There is an example in the docs on how to choose the format.
if I’m not wrong, the chat completions api is accepting wav or mp3 input directly and responses with text and/or audio. But I can’t find example usage in the docs. Am I only required to use the chat completion create endpoint ? Or do I have to create a file first (file upload) and then use the file id in the chat completion endpoint ? https://platform.openai.com/docs/api-reference/chat/create
the example you posted and all code provided through the playground is python code. On python everything is implicit. (the library does everything)
But I am working with c++ where no library is provided by OpenAI. So I need to understand how to use the endpoint. Probably you don’t know as well. But at least you can tell me if I need to send the input audio to the files endpoint or not ?
Apart from that, @everyone : anyone who worked with this API without python ?
ok I hadn’t noticed that there was a curl option there.

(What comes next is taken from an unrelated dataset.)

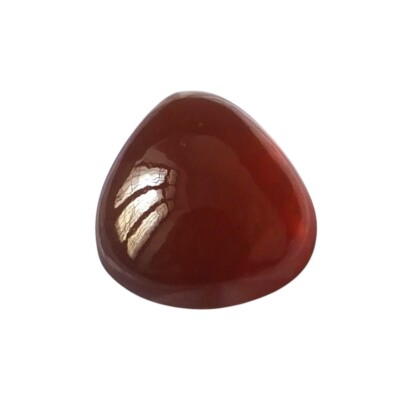 22.80 CARAT HESSONITE GARNET PEAR NATURAL UNTREATED GEMSTONE USE RING OR PENDANT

Now I tried posting the following to the endpoint. of course the “data” value is a very long base64 encoded wav file.
22:25:53.127 → {
22:25:53.127 → “error”: {
22:25:53.127 → “message”: “We could not parse the JSON body of your request. (HINT: This likely means you aren’t using your HTTP library correctly. The OpenAI API expects a JSON payload, but what was sent was not valid JSON. If you have trouble figuring out how to fix this, please contact us through our help center at help.openai.com.)”,
22:25:53.127 → “type”: “invalid_request_error”,
22:25:53.127 → “param”: null,
22:25:53.127 → “code”: null
22:25:53.127 → }
22:25:53.127 → }
I found the problem, now struggling to solve it.
As the base64 string is too long , httpclient on Arduino can not send all data and all json.
I will try with wificlient and try to stream.